To the amazing members of the UWUA, it an honor to be here with you today. Your convention theme and its focus on protecting our legacy and building our future could not be more timely. The resolution Brother Mike just presented is exactly where our labor movement needs to be. 

We will defend ourselves from attacks. And we will also go on offense to win new rights and break new ground. 

We will protect the jobs we have. And we will use our unmatched infrastructure and resources to create new jobs. Good jobs. Union jobs. 

We will support the members currently in our ranks. And we will make our case to a new generation of workers that are younger and more diverse, but just as hungry for a voice on the job. 

That’s how we build a 21st century labor movement. 

I got my start in the labor movement more than 50 years ago. And I’ve never been more excited than I am today. Union approval is at 62 percent, the highest in 16 years. 2018 was the biggest year for collective action in three decades. And MIT found that nearly half of non-union workers would vote to join a union today if given the chance. That’s more than 60 million people. Something is happening in America. Working people are rejecting an economy that leaves too many of us behind. 

I look around this room, and I remember why I’m in this fight. We turn bad jobs into good jobs. And, we turn good jobs into great jobs. We don’t do it for the money or the glory, the fame or the fortune. We do it because someone did it for us, and before that, someone did it for them. We do it because we’re called to. That’s who we are. We’re trade unionists. 

For 75 years, the UWUA has shown us how it’s done. You’ve provided utility workers with a pathway to the middle class and beyond. And, you’ve provided a pathway out of darkness for our communities. Literally. You got New York and New Jersey back online after Sandy. You helped rebuild Puerto Rico after Maria. Your Power for America Training Trust, a joint project of labor AND management, has given members the opportunity to learn and grow into the jobs of today and tomorrow. You’ve advocated forcefully for the modernization of our utility infrastructure which is good for our economy and our environment. 

And I know Brother Mike is especially proud of this one: Your Utility Workers Military Assistance Program has successfully trained more than 700 veterans for jobs in the industry. This includes a combat veteran and single mother of two in Chicago who was living in her car with little hope, and because of UMAP, she now has a job, her children have bright futures and she is serving as a mentor to new veterans in the program. 

This is the America we can...and must...win for all of us. Teachers and nurses, linemen and hotel workers, public and private, rural and urban, men and women, black and white, gay and straight, immigrant and native-born.

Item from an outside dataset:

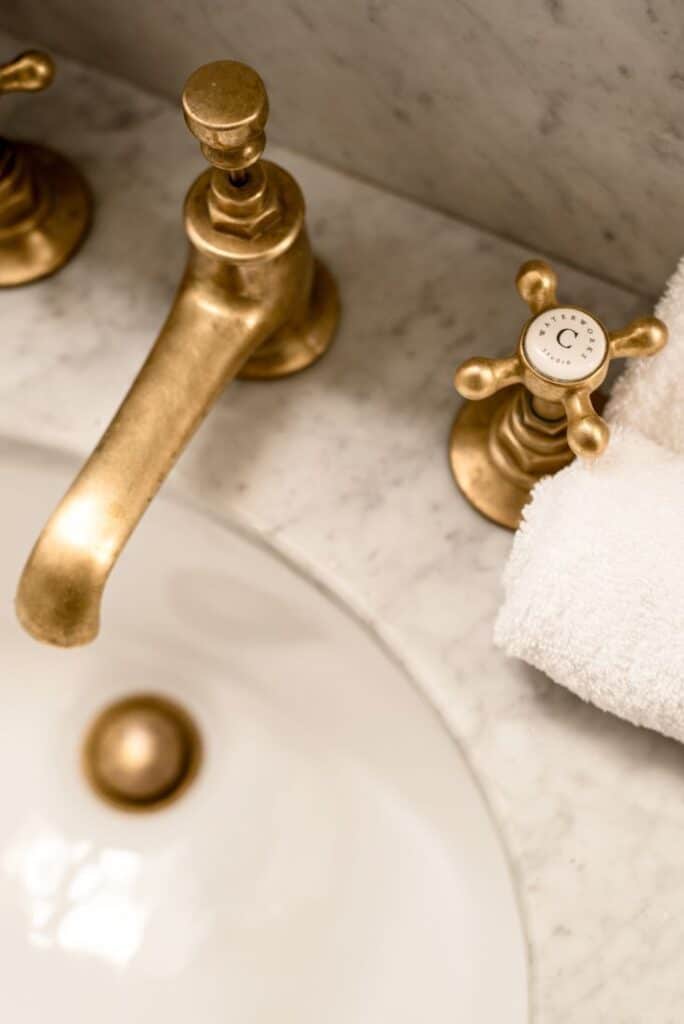 Luxurious gold bathroom faucet with white hand towel on a marble counter, showcasing classic bathroom decor style.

Brothers and sisters, are you with me? 

In the richest country in the world...at our richest point in history...every worker should be paid enough to support their family. One job should be enough! 

No one should ever go broke just because they get sick.

No one should ever be paid less because of their gender. 

No one should ever be fired for who they are. 

No one should ever die on the job!

Everyone should have a voice. 

Everyone should have a fair shot and a fair shake. 

And everyone should be able to form a union. 

This is our time. This is our moment. This is our country. And we’re taking it back for the people who work! 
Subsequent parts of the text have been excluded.